## Data shown
>>>>
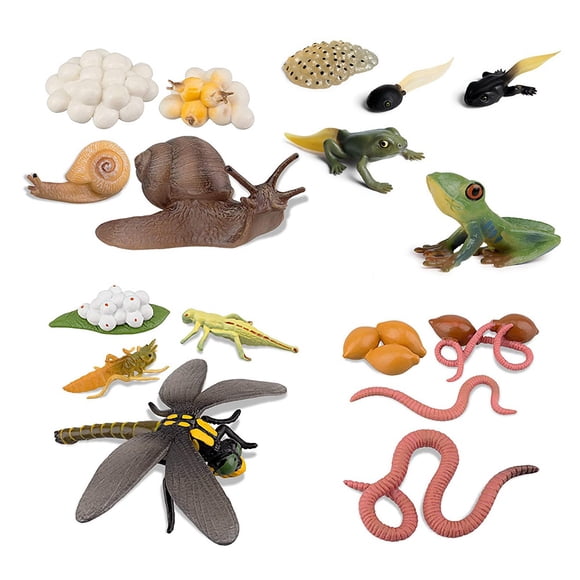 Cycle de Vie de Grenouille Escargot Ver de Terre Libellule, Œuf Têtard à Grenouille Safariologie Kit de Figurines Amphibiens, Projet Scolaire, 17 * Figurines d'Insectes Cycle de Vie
<<<<
>>>>
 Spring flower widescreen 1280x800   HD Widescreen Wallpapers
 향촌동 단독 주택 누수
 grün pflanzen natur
<<<<
>>>>
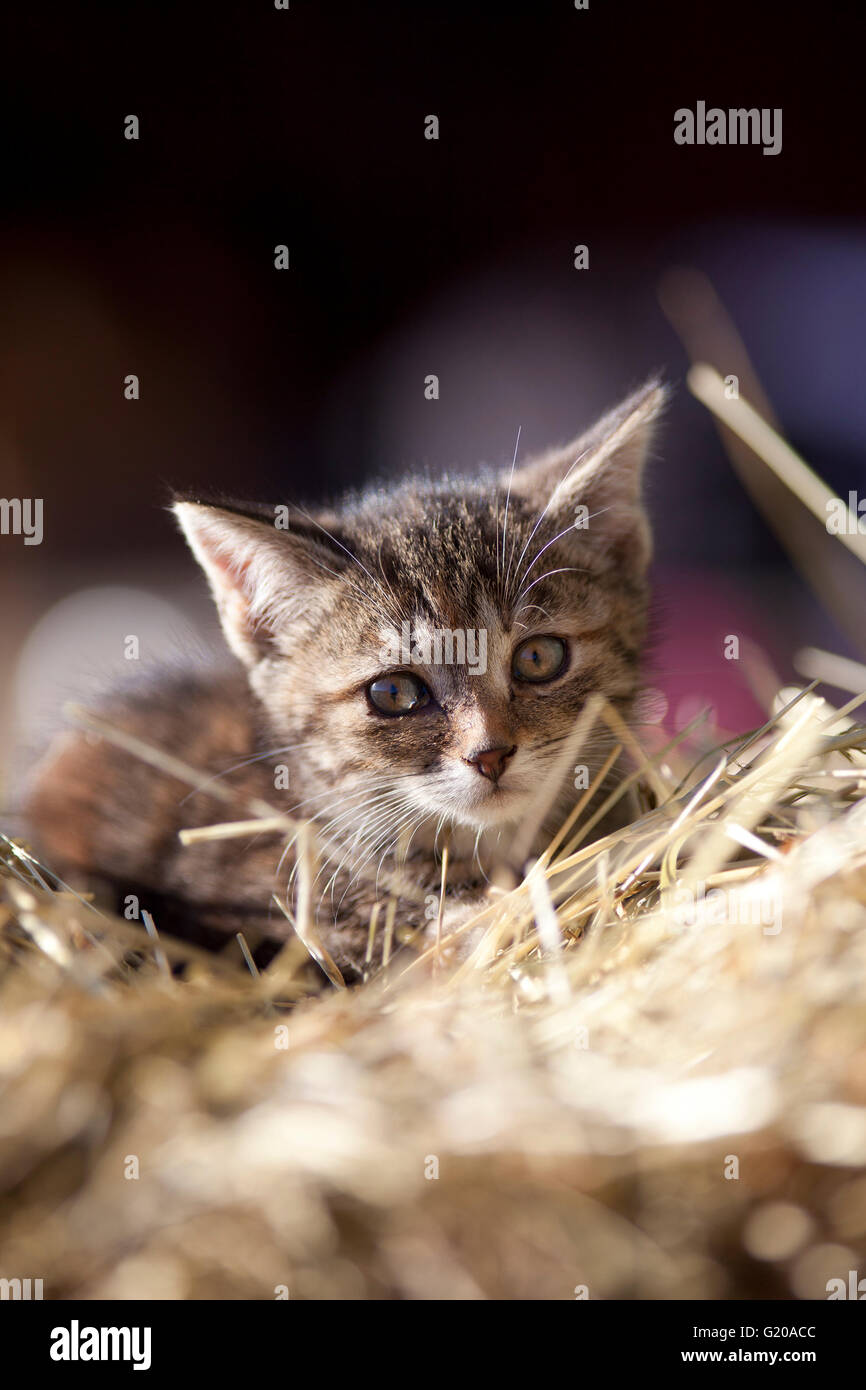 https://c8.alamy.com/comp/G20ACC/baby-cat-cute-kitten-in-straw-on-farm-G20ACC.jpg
<<<<
## How to complete this task
Could you reproduce exactly the lines of the entries above, from the one with "Spring flower widescreen" through the one with "grün pflanzen natur", and nothing else?

## Answer below
 Spring flower widescreen 1280x800   HD Widescreen Wallpapers
 향촌동 단독 주택 누수
 grün pflanzen natur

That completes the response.